Since the cloning of one component of telomerase (i.e. its RNA template used for new repeat addition) in 1985 by Elizabeth Blackburn and her then graduate student Carol Greider, the field of telomere biology has vastly expanded [1, 3, 4]. Tom Cech (Nobel Prize 1989) cloned the catalytic component of the enzyme telomerase and others have shown that telomerase is a complex consisting of many other proteins regulating it structure and function. With the discovery of their sequences, telomere length and telomerase expression or activity can now be measured and these measurements can be used as tools for diagnostics and physiological association studies. For example, there is now strong evidence of the association of telomere shortening or dysfunction, replication potential of cells, and increased risk of several age-related diseases [2, 6, 7]. Moreover, the evidence for a link between telomeres and cellular lifespan was obtained when the catalytic component of telomerase was introduced into normal human cells that ordinarily lack telomerase and these cells bypassed the Hayflick limit of cellular aging [8]. Ever since McClintock’s ground-breaking discoveries in maize, further investigations into telomere function in plants and other model organisms continue to aid in our basic understanding of how telomeres function in cells [9].

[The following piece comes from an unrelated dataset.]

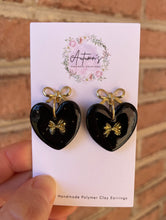 Load image into Gallery viewer, Elegant Black &amp; Gold Heart Stud Dangles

For modern medicine another key discovery has been the finding that telomeres are maintained in cancer cells which facilitates their immortal status [reviewed in 1]. This has led to investigations into how telomerase is normally active only in germ cells and stem-like cells yet repressed in most of our somatic cells. The possibility that the telomere maintenance pathway could be a target in cancer has also been investigated by multiple laboratories.

The impact of these discoveries on modern medicine is becoming better understood. Given the accumulating new evidence on the role of telomeres in cellular biology and human health, it is timely to conduct a review series on telomeres and telomerase hosted by the Journal of Cellular and Molecular Medicine. In this review series, several researchers assess the current status and future perspectives of the field, ranging from telomere replication, diagnostics, molecular genetics, genetic diseases associated with dysfunctional telomerase and therapeutic targeting of telomeres and telomerase for age-related diseases such as cancer. Even though telomeres and telomerase have been studied for decades, the field is continually producing novel breakthroughs that have significant potential to influence human health and treatment. Therefore, we have not seen the end of the telomere and how it can have an effect on biology and medicine.